**TASK ITEM**
Any picture in the data below gets skipped; print all the rest exactly.

**DATA EXCERPTS**
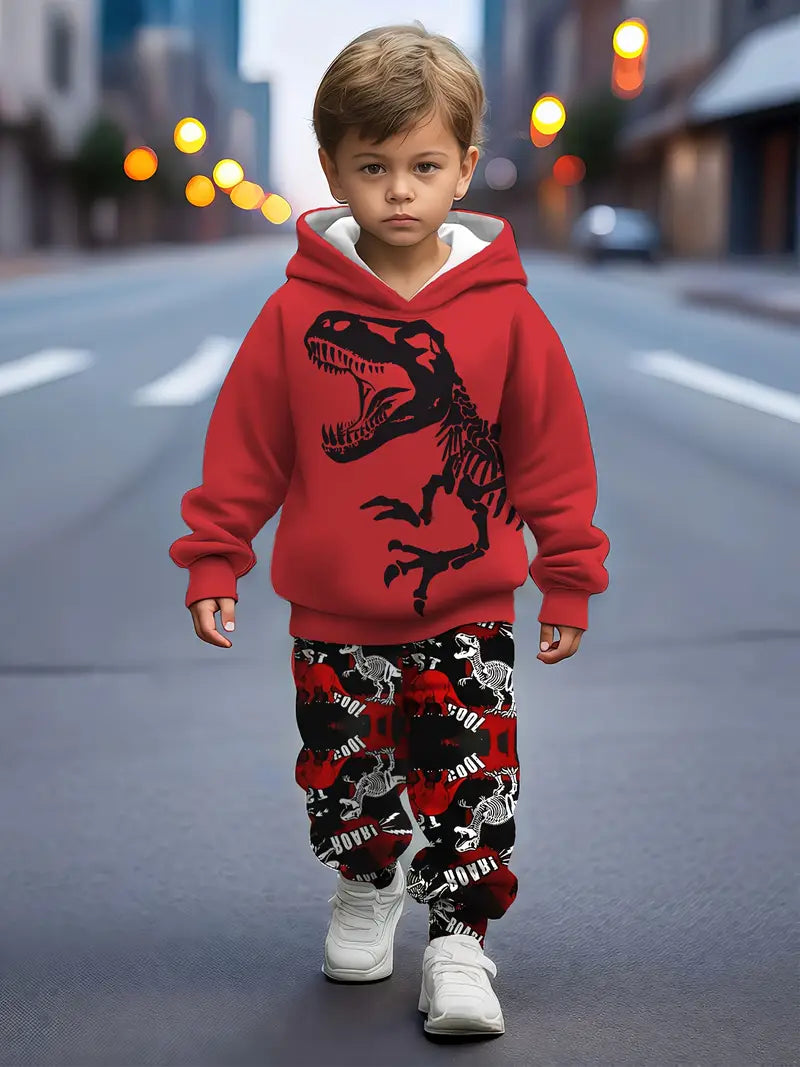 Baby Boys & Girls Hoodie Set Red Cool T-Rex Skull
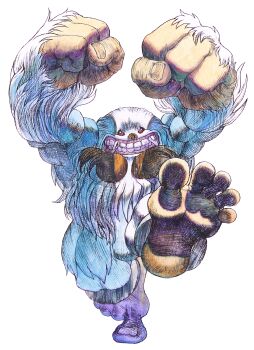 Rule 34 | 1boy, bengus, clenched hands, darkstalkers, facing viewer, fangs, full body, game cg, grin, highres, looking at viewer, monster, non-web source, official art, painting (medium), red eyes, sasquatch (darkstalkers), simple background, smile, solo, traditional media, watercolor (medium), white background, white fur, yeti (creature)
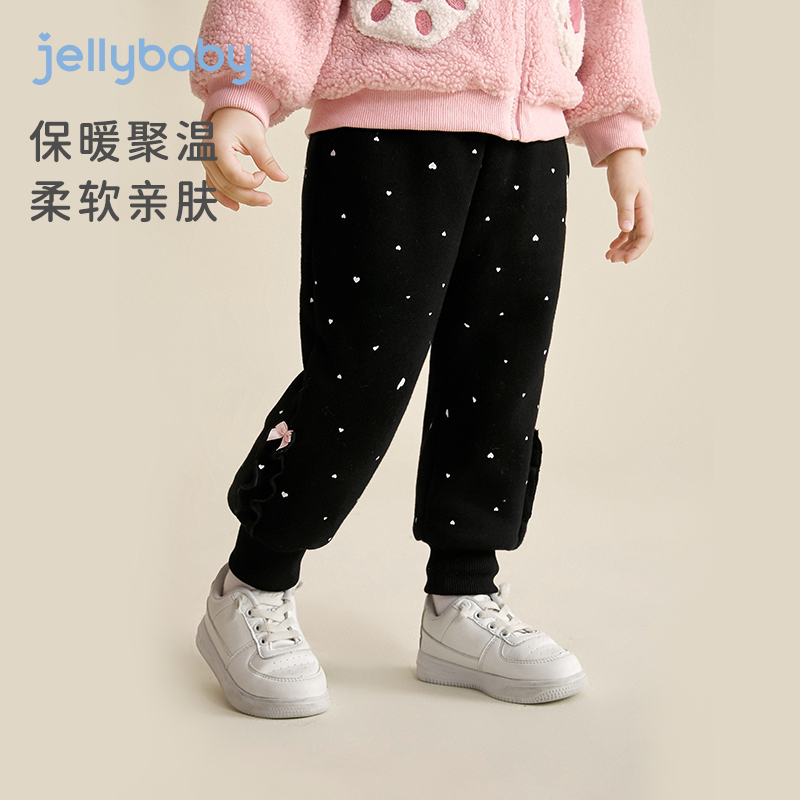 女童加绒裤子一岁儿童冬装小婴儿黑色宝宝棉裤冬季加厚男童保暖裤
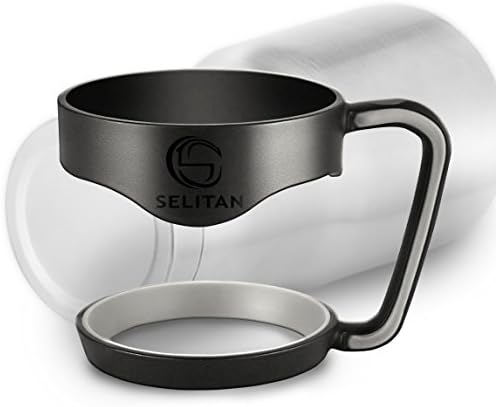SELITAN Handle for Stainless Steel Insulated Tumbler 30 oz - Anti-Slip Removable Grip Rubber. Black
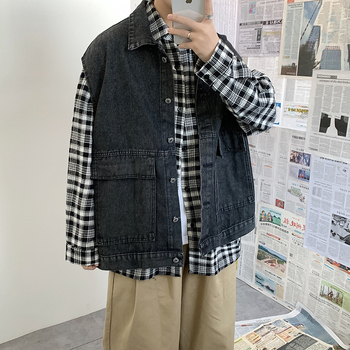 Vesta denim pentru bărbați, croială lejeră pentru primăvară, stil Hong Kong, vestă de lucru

**TASK ANSWER**
 Baby Boys & Girls Hoodie Set Red Cool T-Rex Skull
 Rule 34 | 1boy, bengus, clenched hands, darkstalkers, facing viewer, fangs, full body, game cg, grin, highres, looking at viewer, monster, non-web source, official art, painting (medium), red eyes, sasquatch (darkstalkers), simple background, smile, solo, traditional media, watercolor (medium), white background, white fur, yeti (creature)
 女童加绒裤子一岁儿童冬装小婴儿黑色宝宝棉裤冬季加厚男童保暖裤
SELITAN Handle for Stainless Steel Insulated Tumbler 30 oz - Anti-Slip Removable Grip Rubber. Black
 Vesta denim pentru bărbați, croială lejeră pentru primăvară, stil Hong Kong, vestă de lucru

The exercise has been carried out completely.